En Normandie, la chasse vient d'ouvrir. Le narrateur se rend chez le baron René du Treilles, dans sa ferme Marinville pour chasser avec lui. Après un voyage cahoteux de deux heures par des chemins pierreux, dans une cage à poulets tirée par des chevaux peureux et menée par un paysan rustique, les trois compagnons arrivent à la ferme. Elle sent le lait, la pomme, la fumée, et la veille maison paysanne normande. Le soir venu, un dîner campagnard, chaleureux, familier, simple et abondant, remplit les ventres. Bientôt, le paysan, repu et fatigué, se frotte les yeux:
«—Si vous permettez, m’sieu le baron, j’ vas m’ mette au lit. J’ai pas coutume d’ veiller tard, mé.
Le baron lui tendit la main et lui dit : « Allez, mon ami », d’un ton si cordial, que je demandai, dès que l’homme eut disparu :
—Il vous est très dévoué, ce fermier ?
—Mieux que cela, mon cher, c’est un drame, un vieux drame tout simple et très triste qui m’attache à lui.
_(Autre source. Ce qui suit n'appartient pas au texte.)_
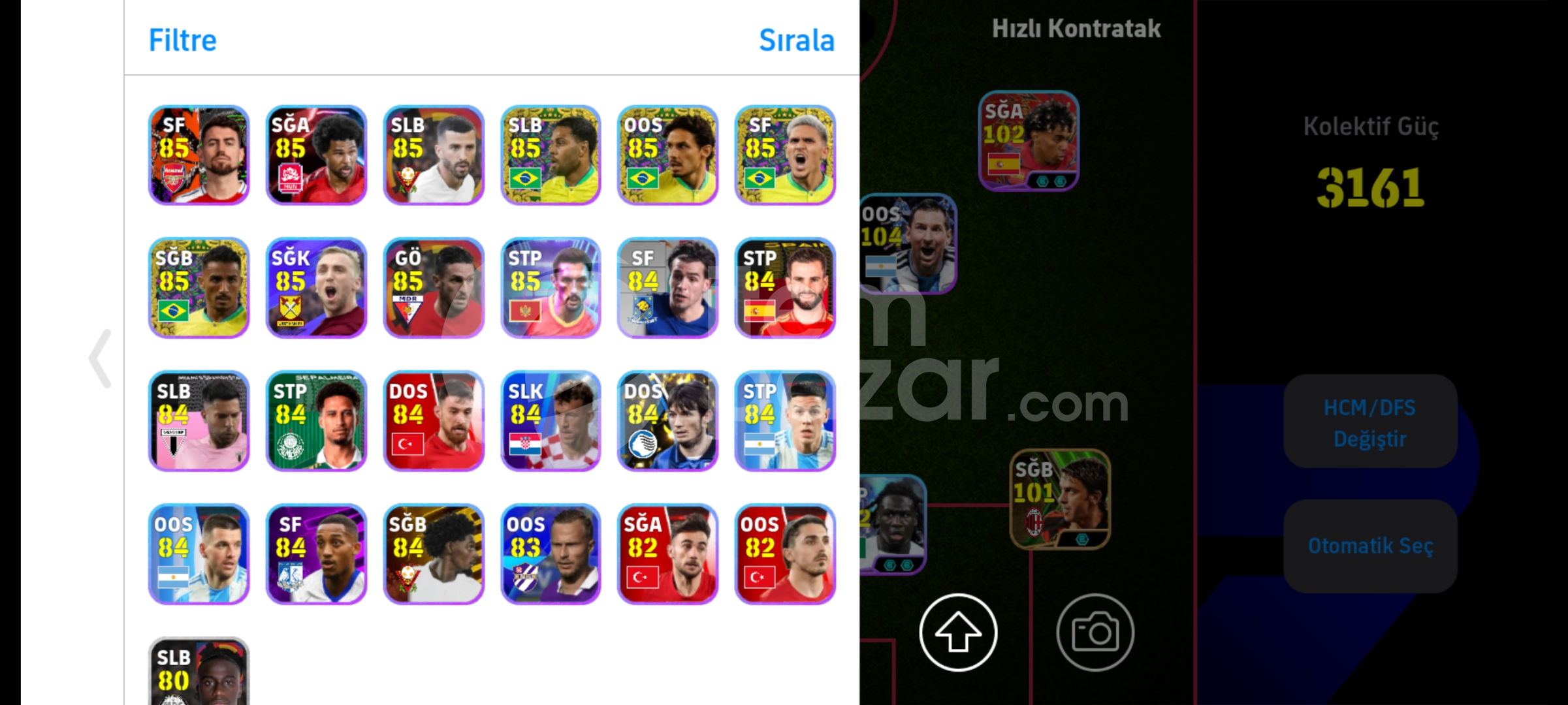 Pes hesabı 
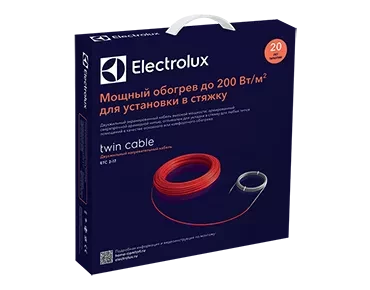 Кабель нагревательный ELECTROLUX ETC 2-17-100 (комплект теплого пола) купить в Надыме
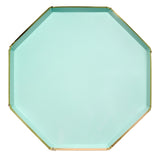 Mint Dinner Plates (Large)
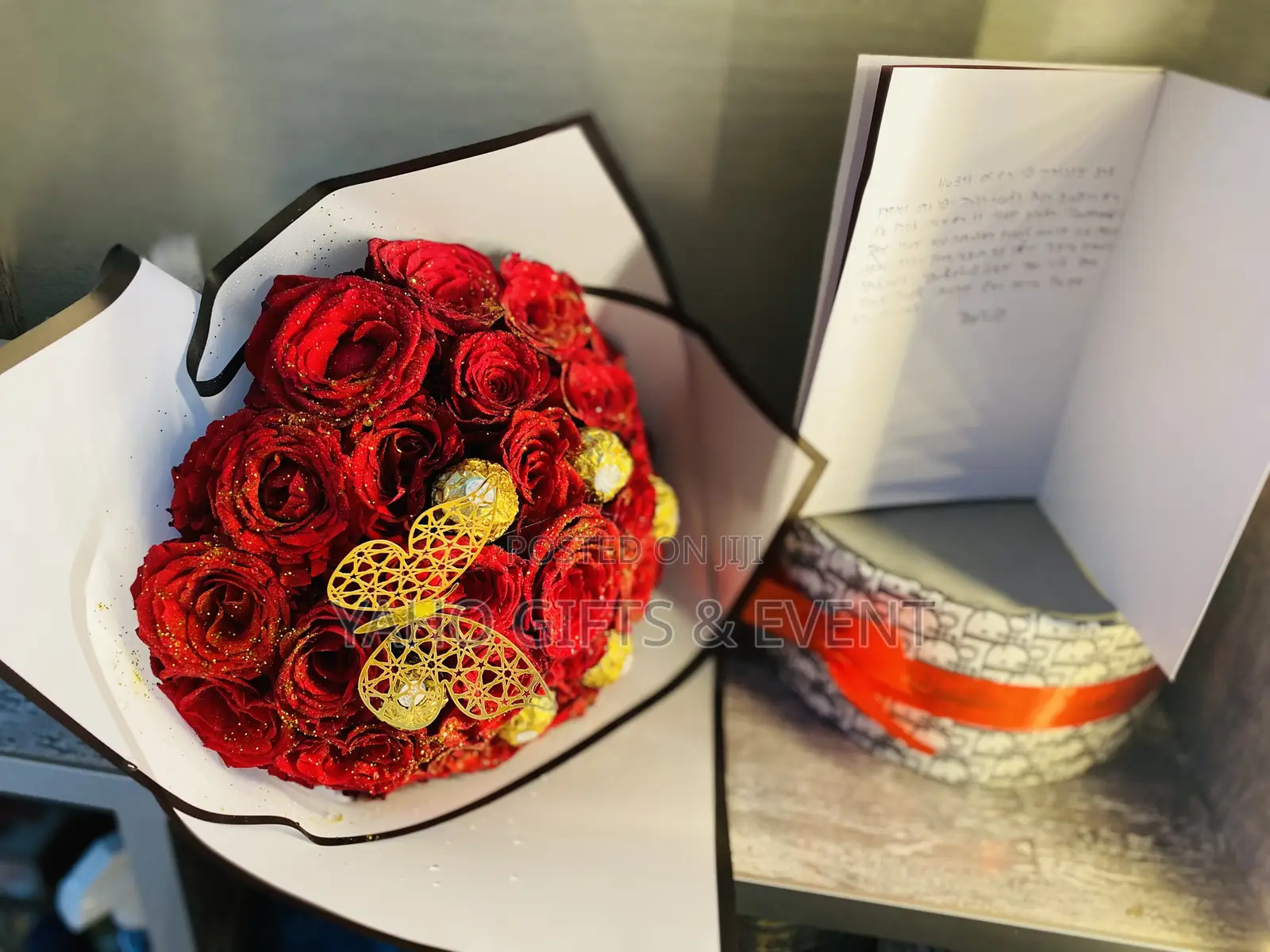 Yaho Flower  and Chocolate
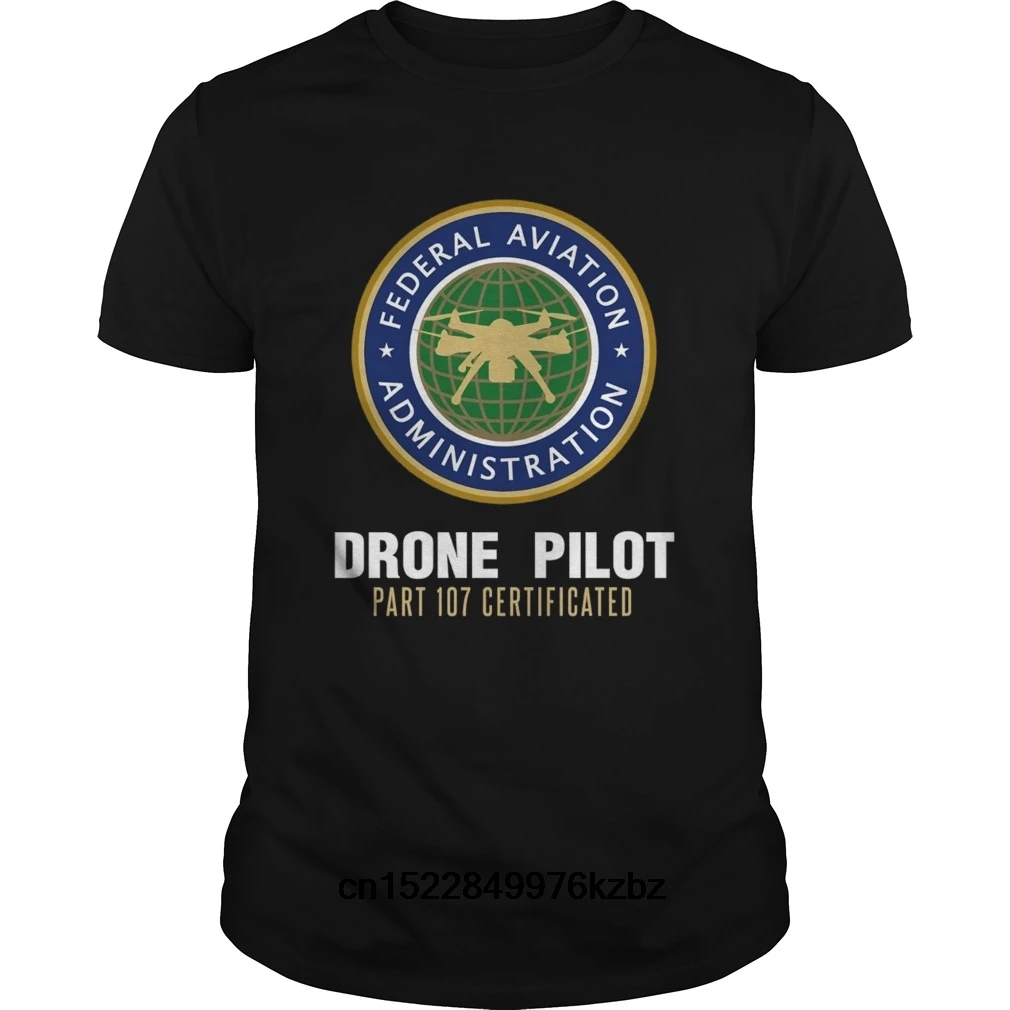 Funny Men t shirt Women novelty tshirt FAA licensed Part 107 Drone UAS UAV Quadcopter Pilot cool T-Shirt
Funny Men t shirt Women novelty tshirt FAA licensed Part 107 Drone UAS UAV Quadcopter Pilot cool T-Shirt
Voici d’ailleurs cette histoire...»
Publiée dans le recueil «Le Colporteur» en 1900, la nouvelle «Le Fermier» raconte l'histoire d'un paysan au cœur sensible, avec comme décors la campagne profonde, et la Normandie si chère à Maupassant.
Guy de Maupassant (1850-1893) est un écrivain et journaliste français né au bord du littoral normand. Sa mère, douée d’une grande culture littéraire, participe à son éducation tournée vers les livres. Il passe le reste de son temps dans la campagne ou les ports, à converser avec pêcheurs et paysans qui lui serviront d’inspiration plus tard pour quelques personnages. À 12 ans, il est envoyé en pension où la religion, très présente, anime en lui un dégoût pour le sacré. Après le lycée, il est mobilisé en 1870 pour la guerre contre la Prusse. Un an plus tard, il fait ses bagages pour Paris où il y travaille comme fonctionnaire au Ministère de la Marine pendant 10 ans. En février 1875, il publie son premier conte, «La Main écorchée». Maupassant est très vite ennuyé par l’administration. Le soir, il travaille d'arrache-pied à ses œuvres littéraires ; et aux alentours de 1880, il se consacre pleinement à sa passion. C’est Flaubert qui l’introduit au monde de la littérature professionnelle. Il rencontre des auteurs réalistes, Zola, et les frères Goncourt. Maupassant fait un départ lent, mais il connaît bientôt le succès avec «Boule de Suif». Avec Zola qu’il côtoie aux Soirées de Médan, s’ensuivent de nombreuses nouvelles, toutes plus cultes les unes que les autres: «La ficelle» (1883), «La parure» (1884) ou «Le Horla» (1887). Il publie aussi des romans réalistes: «Une vie» en 1883, «Bel-Ami» en 1885 et «Pierre et Jean» en 1888. Guy de Maupassant, reconnu de son vivant, l’est aussi dans la mort: de nombreuses adaptations à l’écran renouvellent encore aujourd’hui ses œuvres intemporelles.